Someone get Mark Zuckerberg a gadget review YouTube channel, stat.
The Meta CEO on Monday posted a video review of Apple’s Vision Pro, the new rival mixed reality headset to Meta’s Quest 3.
“Alright, guys, so, I finally tried Apple’s Vision Pro,” Zuckerberg begins in the video, which was posted to his Instagram.
“Before this, I expected that Quest would be the better value for most people because it’s really good and it’s like seven times less expensive,” he said, referencing Quest 3’s $500 starting price tag compared to $3,500 for the Vision Pro. “But after using it, I don’t just think Quest is the better value, I think Quest is the better product, period.”
Reader, I know you didn’t see that coming.
Zuckerberg’s video, in which he sits on a couch and talks to the camera, was shot with a Quest 3 — the viewer is essentially seeing what the person wearing the headset was seeing, via the cameras on the outside of the device. It’s a feature on both devices called “passthrough,” and it’s one of the features that Apple promoted most aggressively ahead of the Vision Pro’s launch earlier this month.
The video shows that the headset wearer can see large digital screens that appear to be floating in space next to Zuckerberg — similar to how the Vision Pro was advertised, although perhaps in lower definition. Zuckerberg also throws several other jabs at the Vision Pro in an effort to talk up his own product.
Apple did not respond to a request for comment about Zuckerberg’s video.
Here are the basics on each product:
• Meta Quest 3: A white, wireless headset with handheld controllers that Meta has advertised as great for playing immersive games, for a $500 starting price. Reviewers say the device is smaller and more comfortable than earlier Meta headsets. Meta also has a more advanced, and more expensive, headset option called Meta Quest Pro.

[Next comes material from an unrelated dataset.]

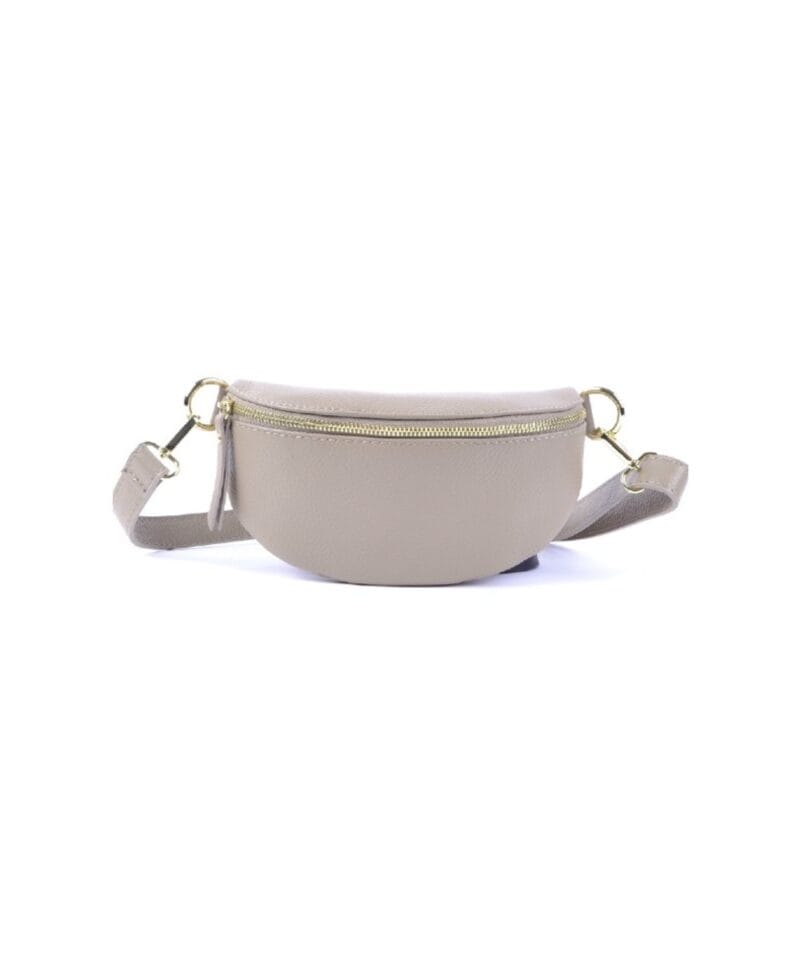 Leren Bumbag Faya -taupe-goud beslag schoudertas-rits-giuliano-tassen-online-kopen-bestellen-goedkope-lederen-crossbody-tassen-1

• Apple Vision Pro: A sleek headset reminiscent of ski goggles, with a wired attachment to an iPhone-sized battery pack but operated using hand and eye signals rather than controllers. Reviewers have lauded its familiar interface and 4K resolution screen, saying it’s unmatched for watching immersive videos and movies. But it doesn’t come cheap, with a $3,500 starting price.
At least for now, most consumers probably aren’t going to buy either the Quest 3 or the Vision Pro. Both mixed reality headsets are still relatively large, clunky and uncomfortable, and they have limited use cases that likely leave all but the biggest gadget enthusiasts wondering how they’d incorporate the devices into their daily lives.
But for both Meta and Apple, being viewed as the leader in the mixed reality space is crucial. The two companies see mixed reality as the future of computing, although their visions differ slightly. Meta believes the headsets will eventually let users spend large amounts of time in a still-largely-hypothetical digital world called the “metaverse,” while Apple seems to expect the device will one day augment users’ real-world lives just as the iPhone has in the nearly two decades since its launch. (So far, Meta’s metaverse has gained little traction, despite costing tens of billions of dollars, and the company has mostly moved on to talking about AI.)
The headset race is also just the latest moment in an ongoing rivalry between Meta and Apple. The tech giants have previously competed over news and messaging features, and their CEOs have traded jabs over data privacy and app store policies. In 2022, Meta said it expected to take a $10 billion hit that year from Apple’s move to limit how apps like Facebook collect data for targeted ads — a change that meant Meta had to spend years revamping its core ad business.
Meta has also been in the mixed reality headset game for years, and while the company has previously said it’s “always happy when more people join us in building the future,” it’s clear Zuckerberg doesn’t want to be outshined by Apple’s new entrant to the market.
“Now, look, I know that some fanboys get upset whenever anyone dares to question if Apple’s going to be the leader in a new category,” Zuckerberg said, before going on to critique what is often referred to as Apple’s “walled garden” approach to product development, where it controls the apps users can access on its devices and its products are mostly only interoperable with each other.
“The reality is that every generation of computing has an open and a closed model, and yeah, in mobile, Apple’s closed model won,” Zuckerberg said. “In this next generation, Meta is going to be the open model, and I really want to make sure that the open model wins out again.”
Zuckerberg did acknowledge a few of the things the Vision Pro does better, saying “Apple’s screen does have a higher resolution” and “Apple’s eye tracking is really nice.” He added that Meta planned to bring back its older eye tracking technology for future Quest products.
So, now we know what kinds of updates to expect from the eventual Meta Quest 4.